Gioachino Rossini a proposito della composizione di Aureliano in Palmira, 1813

È un Rossini molto sicuro di se stesso quello che scrive queste righe alla madre Anna. La sua carriera come compositore d’opera si può suddividere in tre fasi: dal 1810 al 1814 Rossini è attivo nel Nord d'Italia, nel triangolo Venezia-Bologna-Milano. Si susseguono opere in un atto, poi opere comiche come La pietra del paragone e serie come Tancredi. Nel 1815 viene chiamato a Napoli dal noto impresario teatrale Barbaja e diventa ben presto direttore musicale. In questa seconda fase, che durerà fino al 1822, vedranno la luce le creazioni più ambiziose del Cigno di Pesaro, tra cui Elisabetta regina d'Inghilterra, Otello, Mosè in Egitto, Ermione, Maometto II e Zelmira, anche se continuerà a scrivere opere di stampo più tradizionale per altre città italiane, comprese quelle di genere comico quali ad esempio Il barbiere di Siviglia. Riuscirà a congiungere queste due tendenze nella Semiramide del 1823, ultima opera scritta per l'Italia.

Dopo i trionfi viennesi del 1822, Rossini si reca prima a Londra, poi a Parigi, dove tenta di avviare gradualmente la sua carriera di compositore “francese”. Questa terza fase durerà dal 1825 fino al 1829. Dopo il Guillaume Tell, quinta opera parigina del Maestro, il Rossini compositore d'opera ammutolirà per sempre.

Rossini non è un compositore degli estremi. Possiede “quel carattere equilibrato tipico solo dei popoli latini: per bambini e vegliardi, benestanti e disagiati trova sempre la parola giusta senza cambiare mai il suo modo di comportarsi” (Ferdinand Hiller).
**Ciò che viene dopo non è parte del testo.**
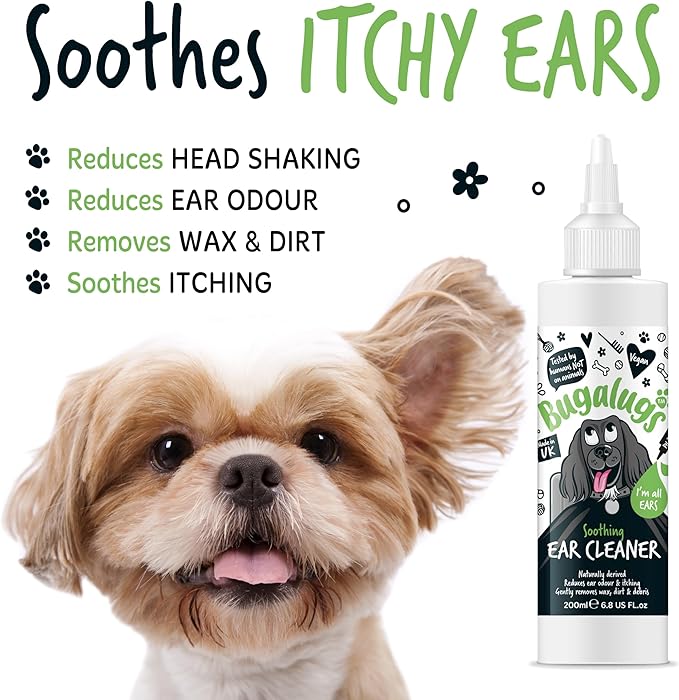 Bugalugs Soothing Ear Cleaner for Dogs - 200ML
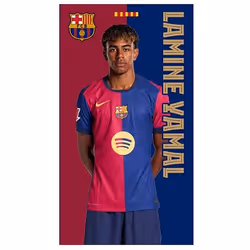 FC Barcelona Yamal Vertical Split Towel Official Licensed Product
La profondità di Rossini risiede nella sua ambiguità, nulla è prevedibile nelle sue composizioni. Scrive Norbert Miller: “La legge intrinseca della concezione rossiniana dell'opera buffa, legge che più avanti minaccerà tutta la sua concezione della musica, è proprio quell'ambiguità di ogni gesto drammatico e musicale”.

Questo non vuol dire che la musica di Rossini sia fredda o priva di sentimenti… tutt’altro! Secondo Alberto Zedda essa riesce a descrivere anche situazioni tragiche, passioni e dolori, pur non facendolo mai in modo realistico e diretto, ma sempre attraverso il filtro della sua virtuosissima arte. Per Zedda questo è un tratto tipico di Rossini e al contempo indice di grande modernità.